With the 2012 London Olympics coinciding with Ramadan, many studies are investigating the effect of fasting on athletic performance.

Last April, the international journal of sports medicine published a research examining the effects of Ramadan fasting on athletes' body mass, composition, and muscle potentials. Results showed that the fasting doesn’t alter body mass and composition, neither does it affect athletes neuromuscular efficiency and peak muscle performance.

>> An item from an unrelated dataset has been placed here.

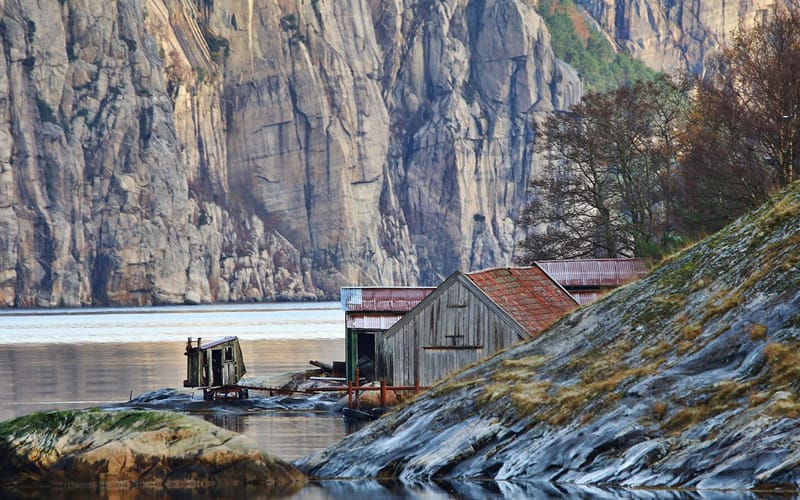Lysefjord & Preikestolen cruise — GetYourGuide gallery photo 4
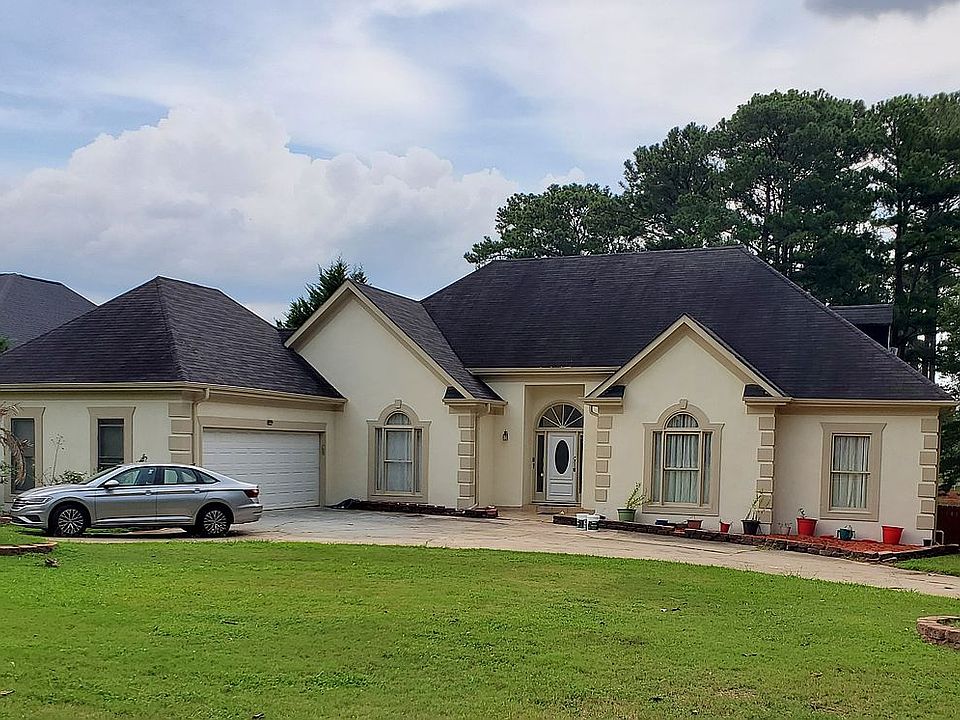 Has half moon Driveway.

An important factor to be taken into consideration, though, as advised by the researchers, is the "modification in the distribution of activity times during the day" as the timing for peak athletic performance and highest level of activity was slightly shifted during fasting.[1]

A FIFA Medical Assessment and Research Centre (F-MARC) study found that young male national football players who observed Ramadan fasting in a controlled environment showed no compromise in their physical and physiological performance or reduction in their subjective well-being. The study is yet to be replicated to investigate a wider range of elite level players. [2]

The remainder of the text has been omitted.